An operon is a functional unit of DNA found primarily in bacteria, consisting of a cluster of genes under the control of a single regulatory region. The trp operon in the bacterium Escherichia coli is a classic example, containing the instructions for making the enzymes needed to synthesize the amino acid tryptophan.
Tryptophan is a necessary building block for bacterial proteins, but synthesizing it requires significant cellular energy. Therefore, the trp operon is designed to be active only when external tryptophan levels are low, conserving resources when the amino acid is readily available. The operon’s five structural genes (trpE, trpD, trpC, trpB, trpA) are transcribed together into a single messenger RNA molecule. This mRNA is then translated to produce the full set of biosynthetic enzymes.
Dual Regulation: Repression and Attenuation
The trp operon employs two mechanisms to achieve control over tryptophan synthesis. The first mechanism is repression, which acts as the primary switch to prevent transcription from starting. This system involves a protein encoded by a separate gene called trpR, which produces an inactive repressor molecule.
When tryptophan is abundant, it binds to this repressor protein, acting as a co-repressor and changing the protein’s shape to an active form. The activated repressor then binds directly to the operon’s operator region, blocking RNA polymerase. This initial layer of control can reduce the expression of the trp operon by approximately 70-fold, effectively shutting down the pathway when tryptophan is plentiful.
A second, more subtle mechanism called attenuation provides a layer of fine-tuning that acts even after transcription has begun. Attenuation is a process of premature transcriptional termination. This mechanism is responsible for an additional 10-fold reduction in gene expression, bringing the total regulation to a 700-fold decrease when the amino acid is not needed. Attenuation is uniquely possible in bacteria because transcription and translation occur simultaneously in the cytoplasm.
The TrpL Leader Sequence: Attenuation’s Genetic Switch
The genetic element responsible for the attenuation mechanism is a short regulatory sequence known as the Tryptophan Leader, or trpL. The trpL sequence is located on the DNA after the operator and before the first structural gene, trpE. When the trp operon is transcribed, the trpL sequence is the first part of the messenger RNA molecule to be synthesized.
The resulting trpL mRNA transcript is about 162 nucleotides long and contains instructions for a leader peptide. Within this coding region, a pair of adjacent codons specific for tryptophan (Trp-Trp) is found. These two codons are the sensor elements of the attenuation system, as their translation speed depends directly on cellular tryptophan availability.
The trpL mRNA sequence is organized into four distinct segments, labeled Regions 1, 2, 3, and 4, which possess complementary base pairs. These regions can pair with each other to form alternative, mutually exclusive stem-loop structures. Critically, Region 3 can pair with either Region 2 or Region 4, and the choice between these two pairings determines whether transcription will continue or prematurely terminate.

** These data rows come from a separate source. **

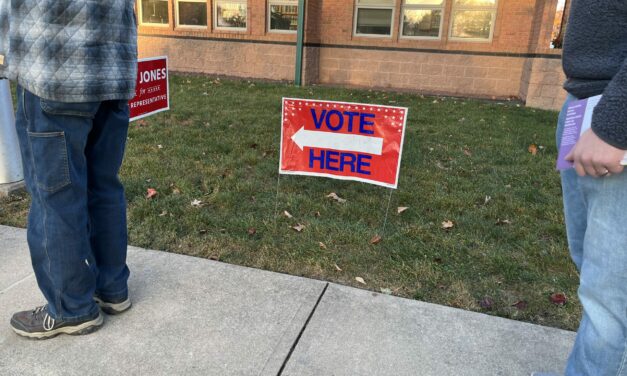 Bad Laws, Fishy Delays, And Polling Place Headaches Show The Election Integrity Movement’s Work Isn’t Over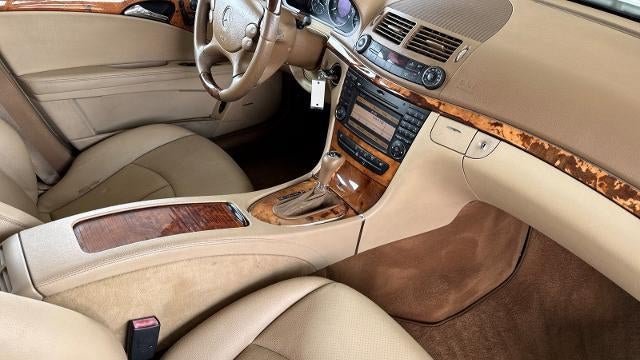 2009 Mercedes-Benz E-Class E 350 4MATIC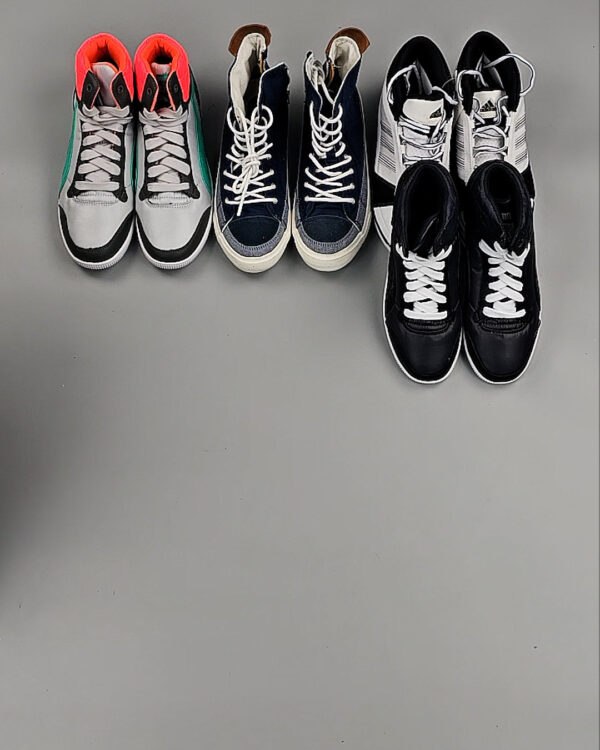 Фотография  692 - Обувь спорт BRAND Sport W  O59#7 кг оптом в Петропавловске-Камчатском и Камчатском крае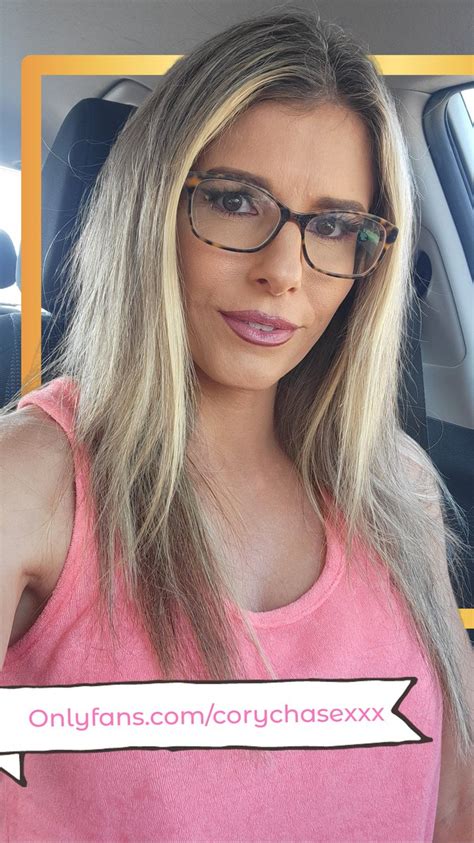 Cory Chase Only Fans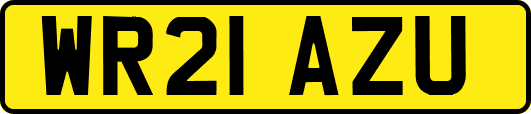 WR21AZU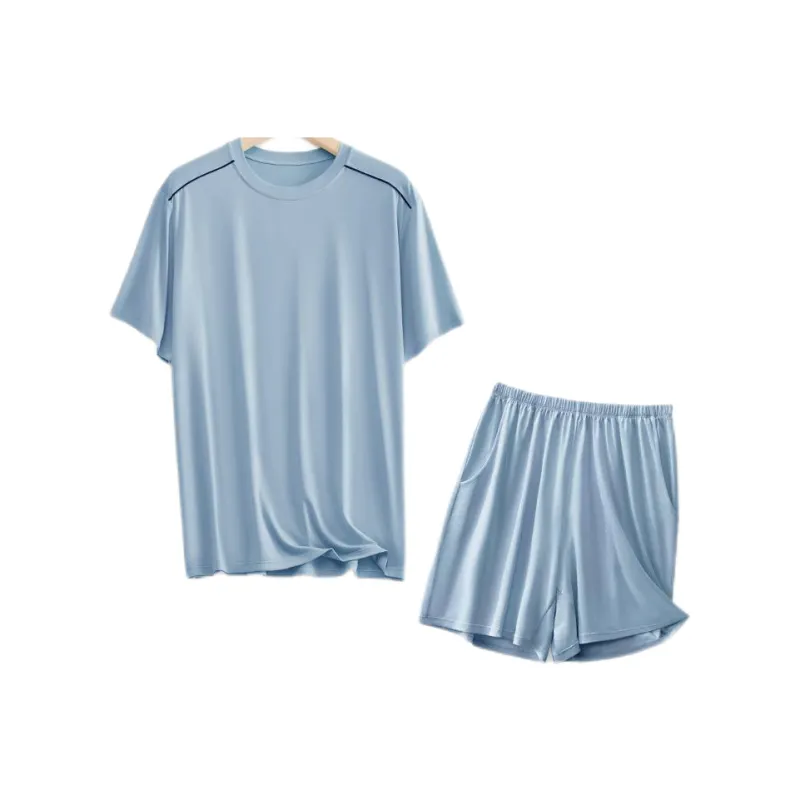 LUYOUYE Men Pajama Sets-3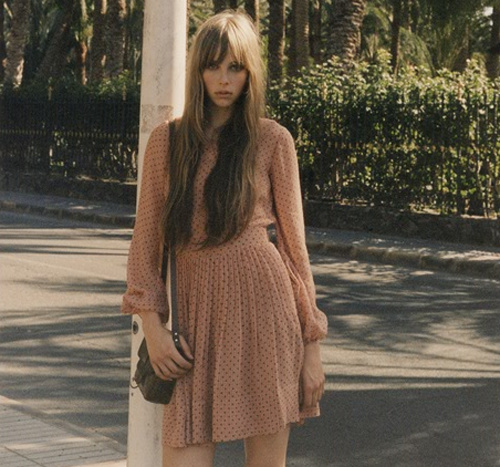 Edie Campbell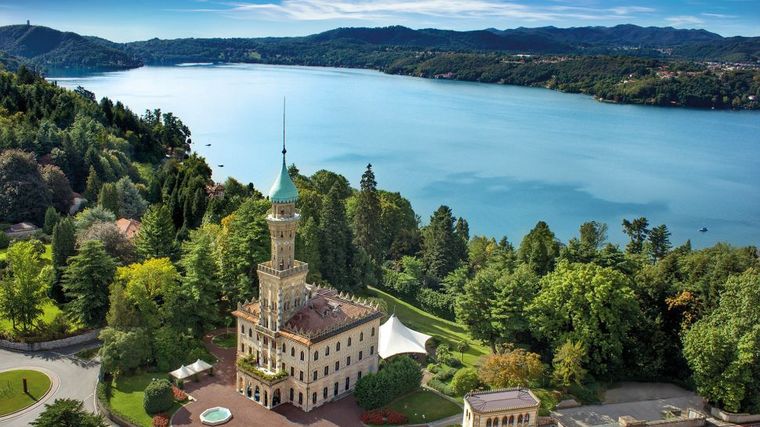 Villa Crespi - Lake Orta, Italy - Relais & Chateaux -slide-20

How Tryptophan Levels Control Transcription Termination
The operation of the attenuation mechanism hinges on the speed of the ribosome as it translates the trpL leader peptide while the RNA polymerase is still transcribing the DNA. The availability of charged tRNA molecules carrying tryptophan dictates whether the ribosome moves quickly or stalls.
High Tryptophan Levels
When tryptophan concentration is high, the specific charged tRNA molecules are abundant. As the ribosome begins translating the trpL leader sequence, it encounters the two adjacent tryptophan codons in Region 1 and is able to insert the amino acids quickly without hesitation. This rapid translation causes the ribosome to move swiftly past Region 1 and cover Region 2 before the RNA polymerase has finished transcribing Region 4.
With Region 2 physically shielded by the fast-moving ribosome, Region 3 is forced to pair with Region 4, forming the 3-4 stem-loop structure. This 3-4 hairpin is known as the terminator loop. Once this terminator hairpin forms, the RNA polymerase dissociates, and transcription stops prematurely before the structural genes for tryptophan synthesis are copied.
Low Tryptophan Levels
When the cellular concentration of tryptophan is low, the ribosome reaches the tandem tryptophan codons in Region 1 and must pause and wait for a charged tRNA-tryptophan to become available. This stalling of the ribosome at Region 1 leaves Region 2 exposed to pair with Region 3.
The pairing of Region 2 with Region 3 creates the 2-3 stem-loop, which is called the anti-terminator hairpin. The formation of this anti-terminator structure prevents the formation of the 3-4 terminator loop. Because the termination signal is absent, the RNA polymerase continues transcribing past the trpL sequence and copies the five structural genes, ultimately leading to the production of the enzymes needed to manufacture the scarce tryptophan.